THE ENCOUNTER | London, Barbican

Last night’s performance of Simon McBurney’s ‘The Encounter’ has left me at a distance from the rest of the world, even now. Having witnessed it (this is the right verb), I am entirely at peace with this new state of being, and, I suspect, this is exactly what was intended. At times, sitting in the packed Barbican and surrounded by hundreds of audience members, I almost forgot who I was.

As with all theatre at its most radical and transgressive, the format surprises before can we take it for granted. One man (the wholly extraordinary Simon McBurney, backed by a dynamic sound team), a lot of plastic bottles, a chair, a table, black plastic ribbons, and a head on a stick. In technical terms, this is a binaural speaker linked up to the headphones we all wore, that meant McBurney could, from the stage, whisper in all our ears. At first, as he threw out questions on the nature of time, demonstrated the looping pedal, stood on the stage and talked to us from behind, into our left ears and blew into the right (cue squeaks from the audience), I wondered if we might be in for an impressive display of the latest stage gimmickry, but held on. Not long afterwards, I watched McBurney crawl along a light beamed over the stage floor, while simultaneously seeing a lost National Geographic photographer, delirious from thirst, trace through the Amazon rainforest the tracks of the Mayoruna tribe he’d lost sight of. And the audience knew who they were: by this point, we’d met them.
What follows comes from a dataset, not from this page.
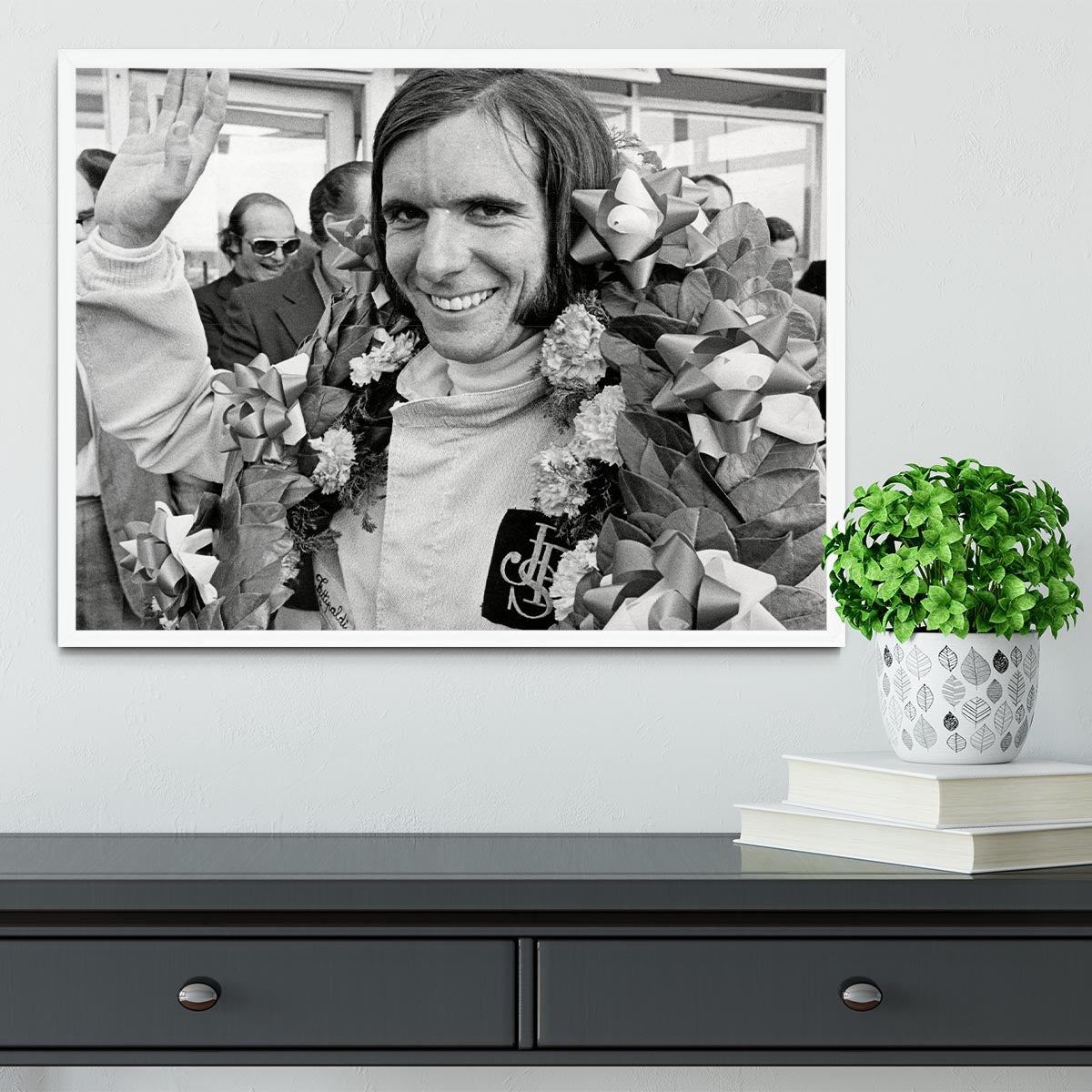 Racing driver Emerson Fittipaldi 1972 Framed Print - Canvas Art Rocks -6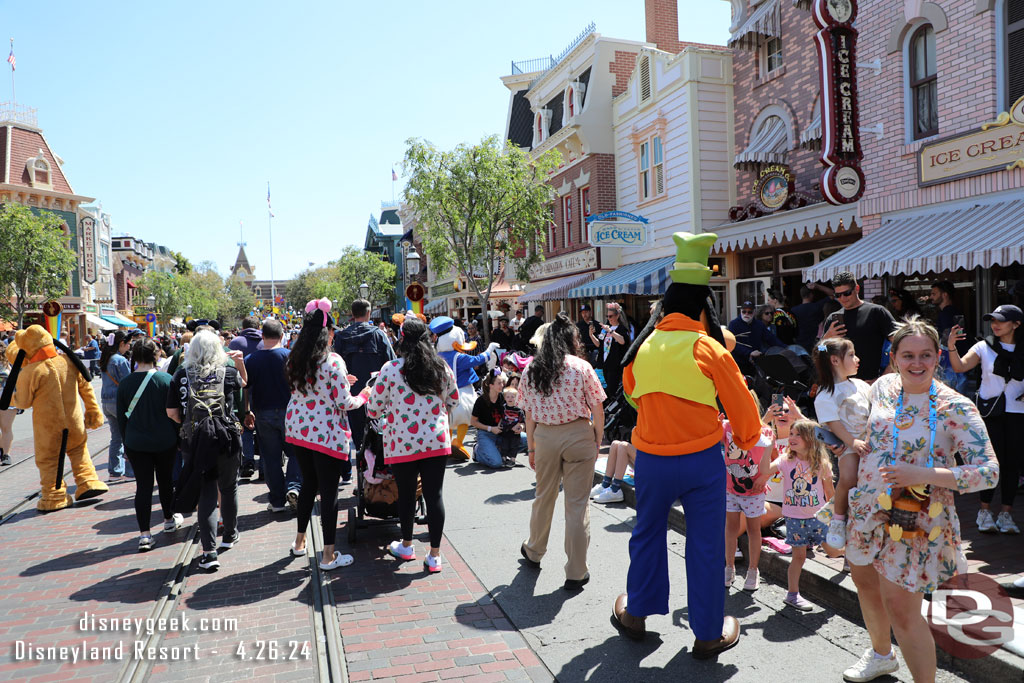 Several characters were walking Main Street visiting with guests.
One of the key moments in the story of Loren McIntyre is the telepathy which enables the headman of the tribe to communicate with him, despite their having no languages in common. “Some of us are friends”, he tells the stranded Loren, who replies through the same channel “I’m a friend, too”. But as voices sail around our headphones describing the death brought by foreign explorers to Amazon tribes with their unfamiliar bacteria, and the west’s wholesale ravaging of the Amazon for its oil, that statement is laced with unease, despite the genuine friendship of the two men as the tribe bring Loren safely through the rainforest to something called simply ‘the beginning’.

I’m still very far from being able to find any useful way of defining or even describing this groundbreaking event: calling it a play seems reductive. Only about half of what happened took place on stage, while the rest happened in my head as I watched one man play out the action on stage with a phone and speaker. There were many encounters here: fact and fiction, reality and dreams, time both as we know it and as it might be. Mystic wouldn’t be far off, but how can that apply to a 21st century audience who walk out of the theatre switching their phones back on? At Barbican station, though, standing amongst a crowd of the audience, I noticed that they were all, still, dreamily silent.